__Supplied records__.
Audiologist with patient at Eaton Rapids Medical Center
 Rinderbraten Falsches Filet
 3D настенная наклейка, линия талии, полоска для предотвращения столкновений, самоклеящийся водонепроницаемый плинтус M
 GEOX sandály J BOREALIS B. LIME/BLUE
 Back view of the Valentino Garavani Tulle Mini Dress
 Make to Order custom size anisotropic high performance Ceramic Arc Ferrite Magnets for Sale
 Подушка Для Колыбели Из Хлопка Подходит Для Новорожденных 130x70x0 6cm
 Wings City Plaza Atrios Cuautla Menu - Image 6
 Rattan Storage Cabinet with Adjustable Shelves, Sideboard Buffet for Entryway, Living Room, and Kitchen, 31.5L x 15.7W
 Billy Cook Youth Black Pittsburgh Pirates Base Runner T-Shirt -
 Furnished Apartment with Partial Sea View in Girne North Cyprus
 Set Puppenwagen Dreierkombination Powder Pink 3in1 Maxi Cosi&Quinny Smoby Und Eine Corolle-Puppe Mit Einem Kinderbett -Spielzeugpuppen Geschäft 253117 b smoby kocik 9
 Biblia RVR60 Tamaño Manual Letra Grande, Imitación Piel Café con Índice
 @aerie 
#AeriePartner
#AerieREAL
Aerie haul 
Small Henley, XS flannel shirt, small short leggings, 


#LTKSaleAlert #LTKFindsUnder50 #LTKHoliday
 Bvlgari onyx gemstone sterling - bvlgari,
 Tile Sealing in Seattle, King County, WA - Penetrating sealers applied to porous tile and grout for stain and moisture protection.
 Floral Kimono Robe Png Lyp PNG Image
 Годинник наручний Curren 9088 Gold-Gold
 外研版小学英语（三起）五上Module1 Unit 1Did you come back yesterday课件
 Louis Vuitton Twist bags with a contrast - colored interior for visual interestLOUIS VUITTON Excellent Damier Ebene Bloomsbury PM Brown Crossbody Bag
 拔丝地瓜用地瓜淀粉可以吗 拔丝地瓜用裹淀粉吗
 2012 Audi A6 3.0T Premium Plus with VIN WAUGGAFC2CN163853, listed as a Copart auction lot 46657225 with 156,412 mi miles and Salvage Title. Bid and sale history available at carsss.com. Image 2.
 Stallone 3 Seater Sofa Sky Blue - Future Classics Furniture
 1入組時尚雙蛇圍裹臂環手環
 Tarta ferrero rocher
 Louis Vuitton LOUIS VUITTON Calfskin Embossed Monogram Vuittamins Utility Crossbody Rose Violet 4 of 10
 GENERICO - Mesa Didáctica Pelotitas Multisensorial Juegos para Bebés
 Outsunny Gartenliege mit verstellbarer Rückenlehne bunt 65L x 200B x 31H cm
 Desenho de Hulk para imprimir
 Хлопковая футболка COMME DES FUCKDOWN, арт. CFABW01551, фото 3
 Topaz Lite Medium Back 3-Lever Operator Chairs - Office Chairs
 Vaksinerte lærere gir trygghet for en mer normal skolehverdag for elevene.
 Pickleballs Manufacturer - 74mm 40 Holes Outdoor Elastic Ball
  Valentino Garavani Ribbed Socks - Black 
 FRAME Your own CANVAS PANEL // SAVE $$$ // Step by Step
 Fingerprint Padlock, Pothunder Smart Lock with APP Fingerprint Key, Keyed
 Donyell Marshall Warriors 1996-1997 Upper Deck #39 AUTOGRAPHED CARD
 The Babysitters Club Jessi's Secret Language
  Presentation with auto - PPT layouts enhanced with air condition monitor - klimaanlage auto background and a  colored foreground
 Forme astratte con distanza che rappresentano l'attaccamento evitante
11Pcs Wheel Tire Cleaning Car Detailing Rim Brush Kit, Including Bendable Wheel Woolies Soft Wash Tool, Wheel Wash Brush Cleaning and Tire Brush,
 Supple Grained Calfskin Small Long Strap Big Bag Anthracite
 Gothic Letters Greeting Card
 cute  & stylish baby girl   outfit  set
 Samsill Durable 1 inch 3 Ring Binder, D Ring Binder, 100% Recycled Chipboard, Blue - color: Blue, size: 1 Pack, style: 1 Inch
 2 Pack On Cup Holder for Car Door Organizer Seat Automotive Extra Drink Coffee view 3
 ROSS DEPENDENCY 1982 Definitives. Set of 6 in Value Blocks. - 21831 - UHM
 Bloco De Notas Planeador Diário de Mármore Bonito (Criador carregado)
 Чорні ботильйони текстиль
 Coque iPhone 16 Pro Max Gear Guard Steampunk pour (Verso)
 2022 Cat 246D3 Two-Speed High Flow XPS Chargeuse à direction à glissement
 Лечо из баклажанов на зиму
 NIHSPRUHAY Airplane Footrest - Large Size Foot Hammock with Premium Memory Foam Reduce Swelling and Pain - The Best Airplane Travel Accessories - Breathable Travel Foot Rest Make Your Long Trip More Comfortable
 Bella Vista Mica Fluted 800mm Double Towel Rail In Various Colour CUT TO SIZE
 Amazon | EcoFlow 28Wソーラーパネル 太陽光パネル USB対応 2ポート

__What to produce__. Could you give the number of lines in the entries that contain the string "Calfskin"? Only the number, please.

__The answer__. 2